When we talk about investment, we are seeking a means to grow our wealth. We essentially bet on something to grow in value, and own part of it, so that we too get to share in that increase in value.
In earlier days, there were constraints where avenues of investment were concerned. Shares and mutual funds, though they have been around for quite some time, have till recently been for the few. We are talking about a time when banks and bank accounts too were alien concepts for most people. Where firm value, liquidity and portability were concerned, the precious metals were what people turned to. Immobile assets, of course, were almost solely in the form of real estate.
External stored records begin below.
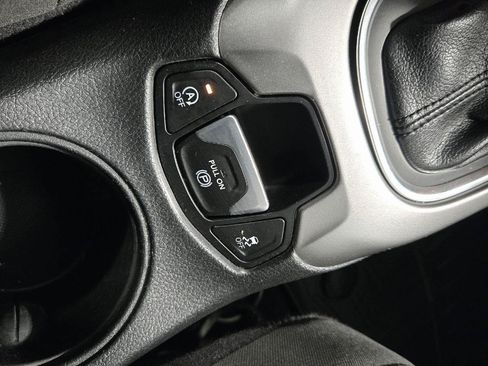 Used 2018 Jeep Compass Sport w/ Cold Weather Group AWD/4WD image 28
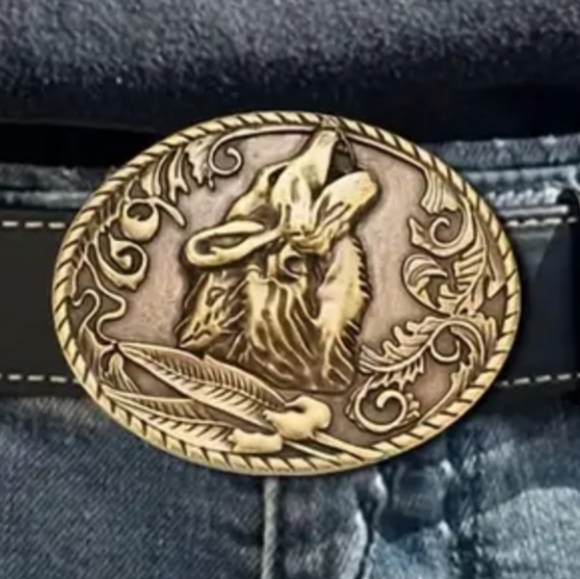 COPY - New Howling Wolf And Feathers Belt buckle fits 1.5 belt buckle - Picture 1 of 3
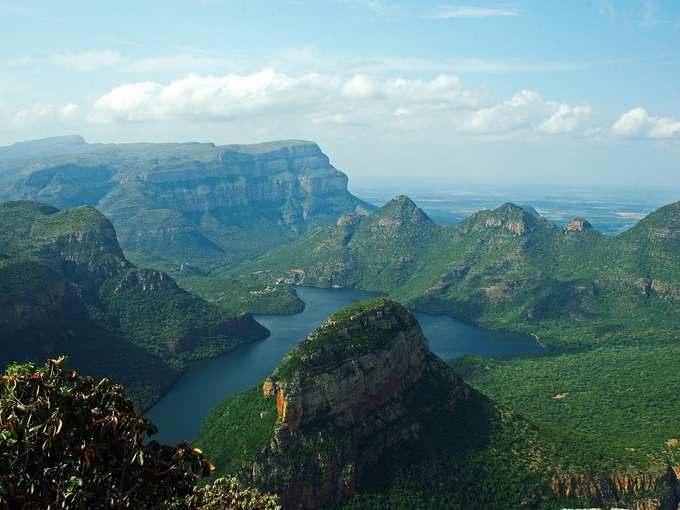 ड्रेकेन्सबर्ग - Drakensberg in Hindi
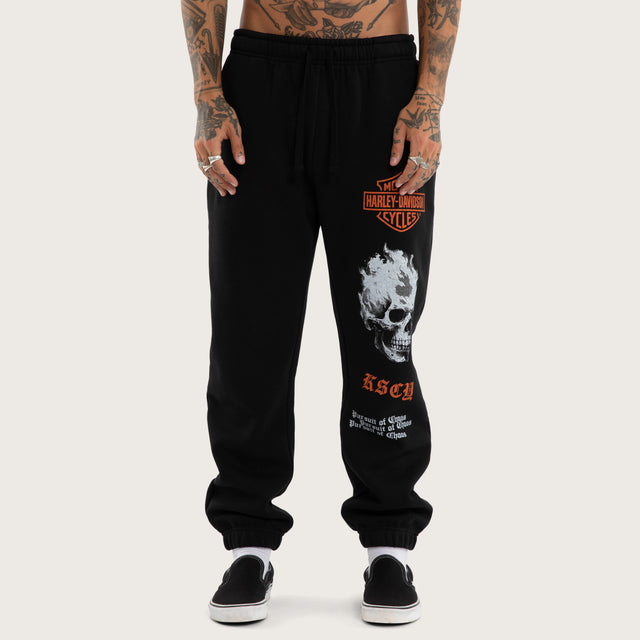 Model wears Earn Straight Trackpant Jet Black Trackpants Black – image 3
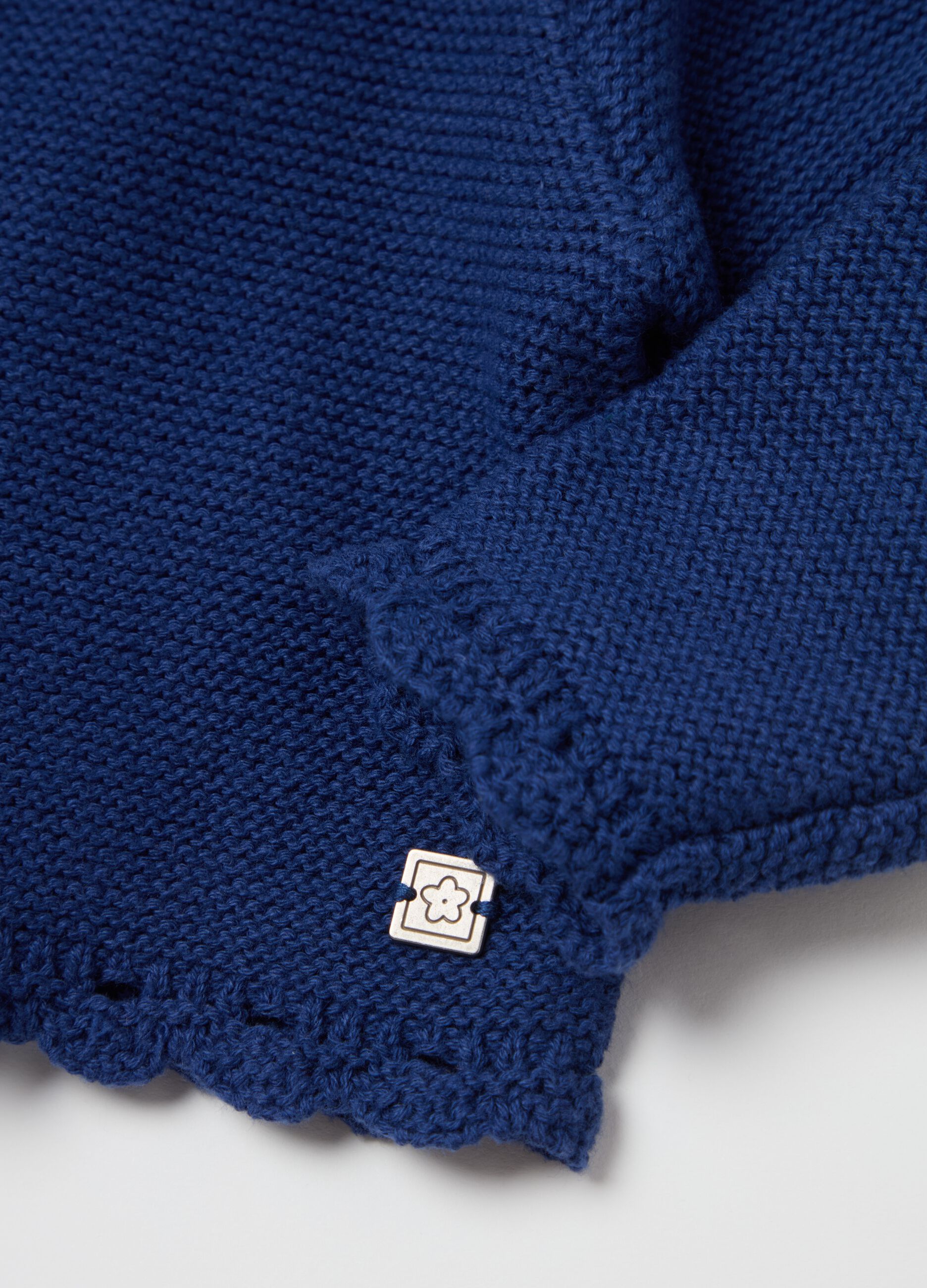 Cotton cardigan with wavy edging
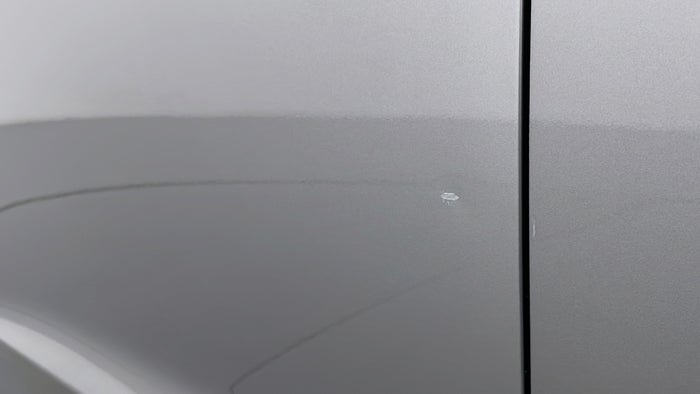 HYUNDAI ELANTRA-Door Exterior RHS Rear Scratch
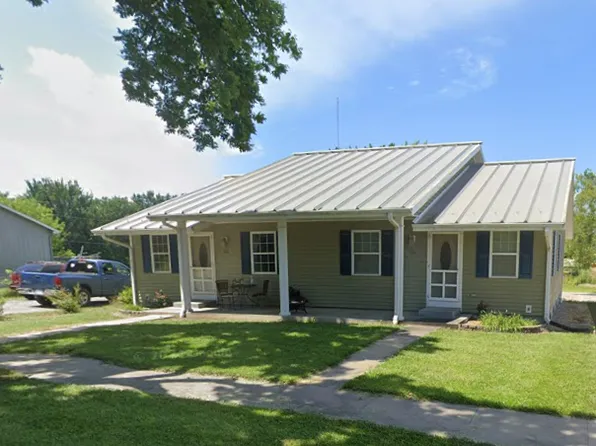 930 N King St #928, Ottawa, KS 66067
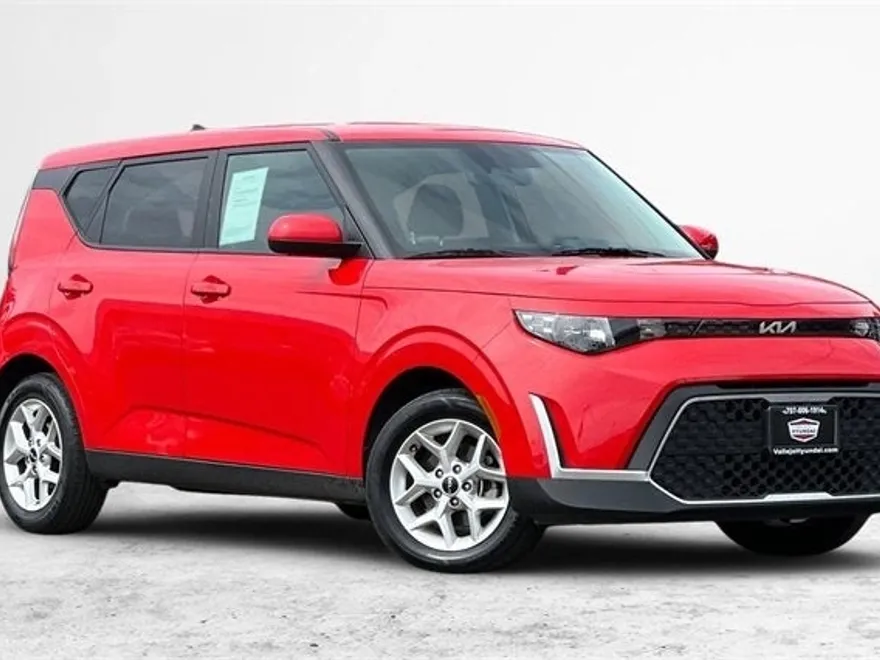 2023 Kia Soul LX photo 1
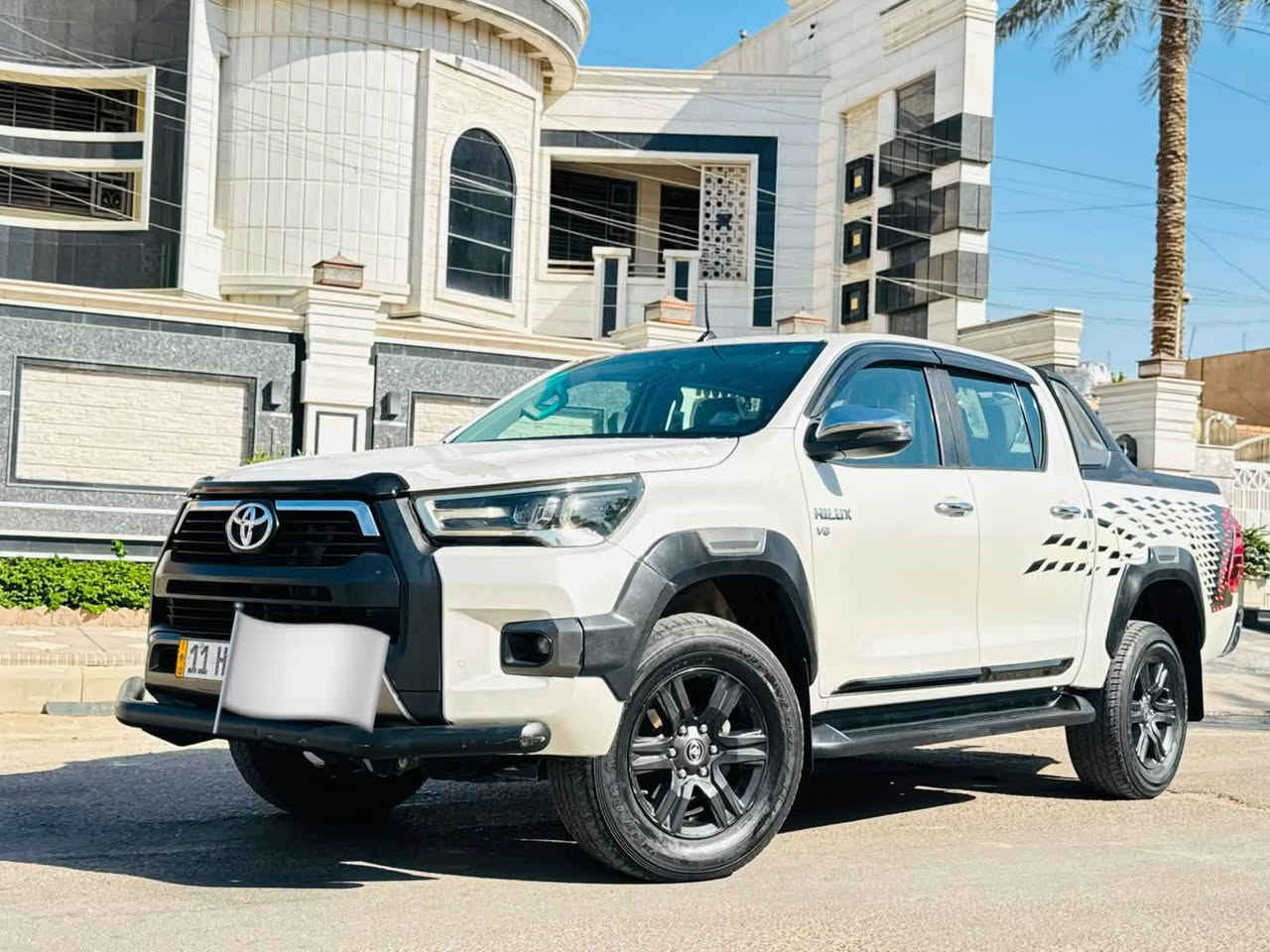 سلام عليكم تويوتا هايلوكس 2021 
السعر.     305 بيها مجال 

***********
كفاله عامه من جميع النواحي 
السياره ماشيه 77
TRD. ساز 
  فول موصفات 
 رقم بغداد بسمي تحويل مباشر السياره جديده على وضع الشركه 
ملاحضات السونار مرفق المنشور 
مكان السياره بغداد 
***********
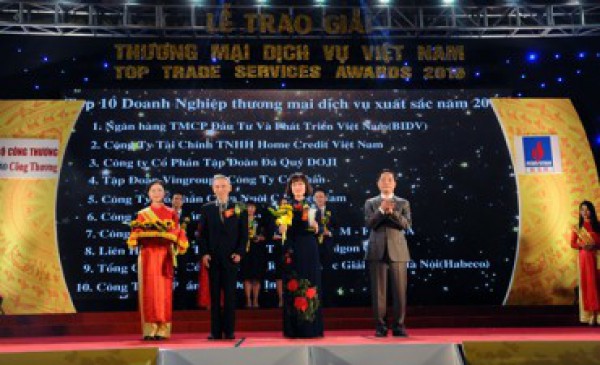 Traphaco được vinh danh Top 10 doanh nghiệp Thương mại dịch vụ tiêu biểu năm 2016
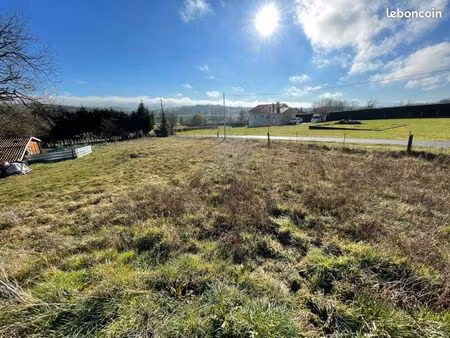 terrain constructible de 947m2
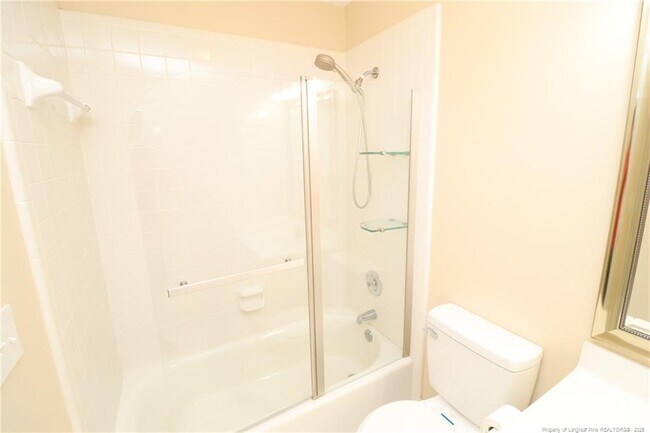 Building Photo - 108 Highland Springs Ln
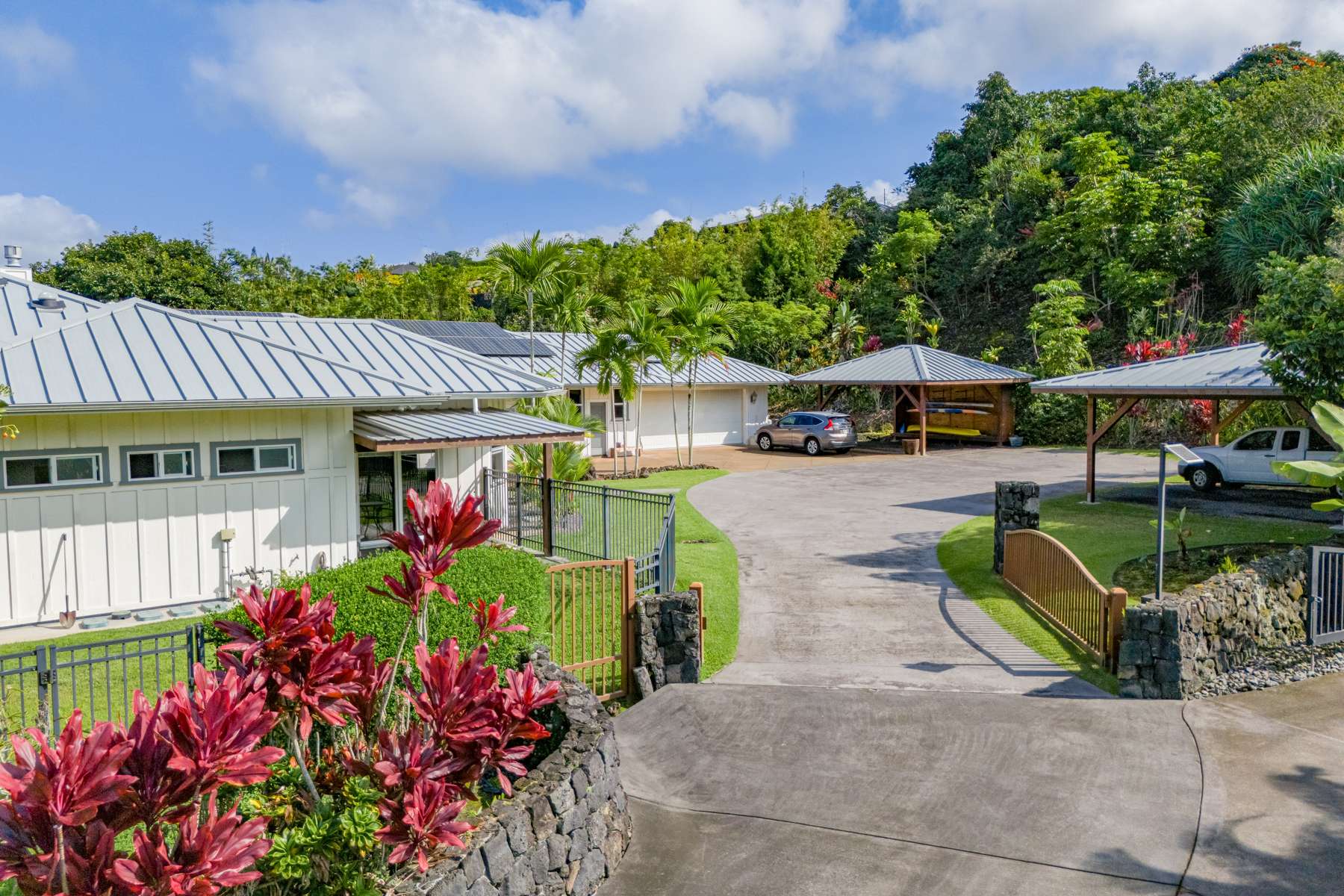 74-4688 POKOLE PL, Kailua Kona, HI 96740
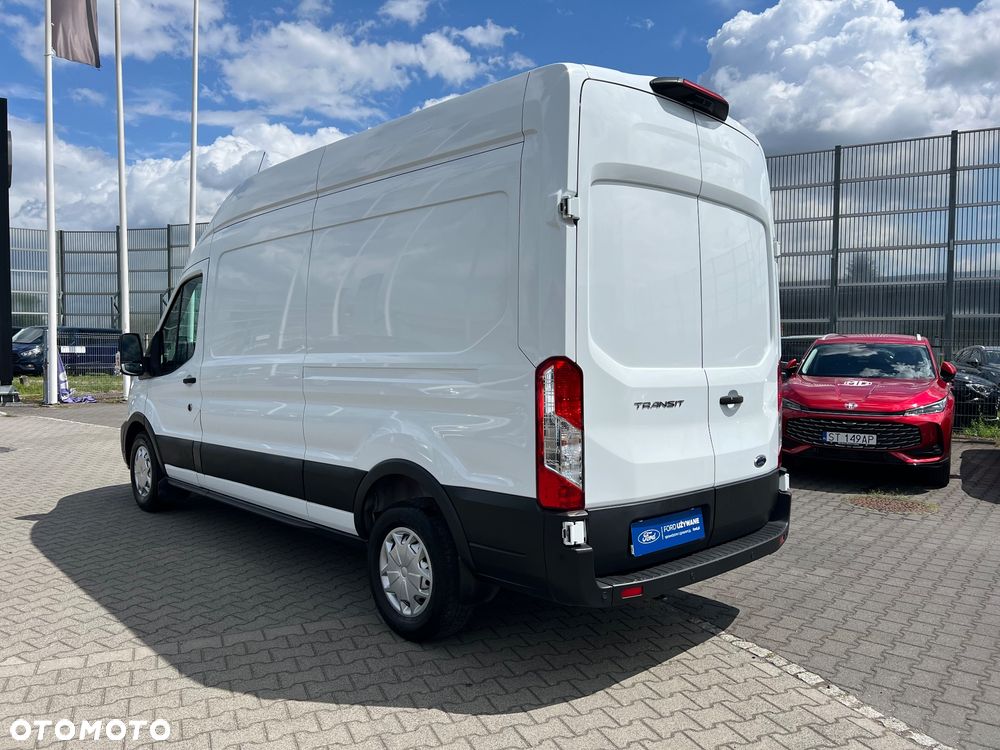 Ford Transit - 11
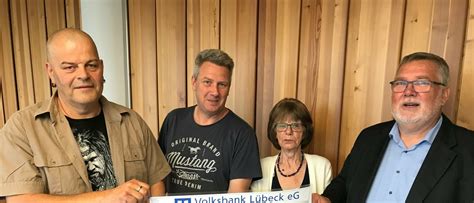 LHG-Beschäftigte spenden für krebskranke Kinder | Lübecker Hafen ...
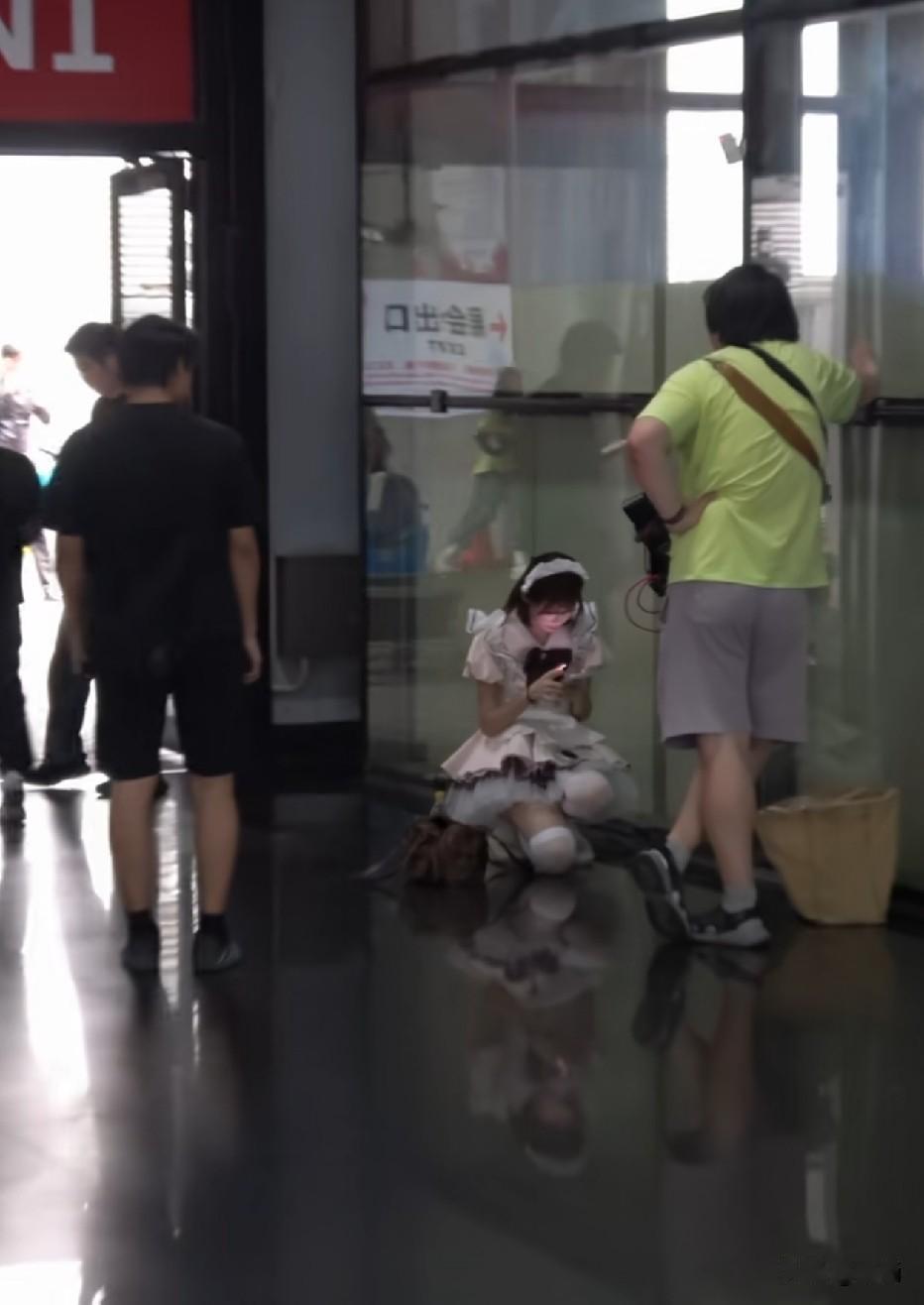 这地板这么反光嘛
In today’s world, with its plethora of options to invest one’s money in, gold is kind of a forgotten commodity. People with a heightened sense of adventure and with enough time and money to spare tend to go with shares. Those a little lower on the scale as far as the mentioned qualities and quantities are concerned, tend to settle with mutual funds. People looking for steady returns that are not dramatically affected by everyday changes in the world around, look to assured returns from instruments such as fixed deposits. At the back of it all, of course, people do invest in real estate, which works both as investment and also as a practical asset that provides shelter.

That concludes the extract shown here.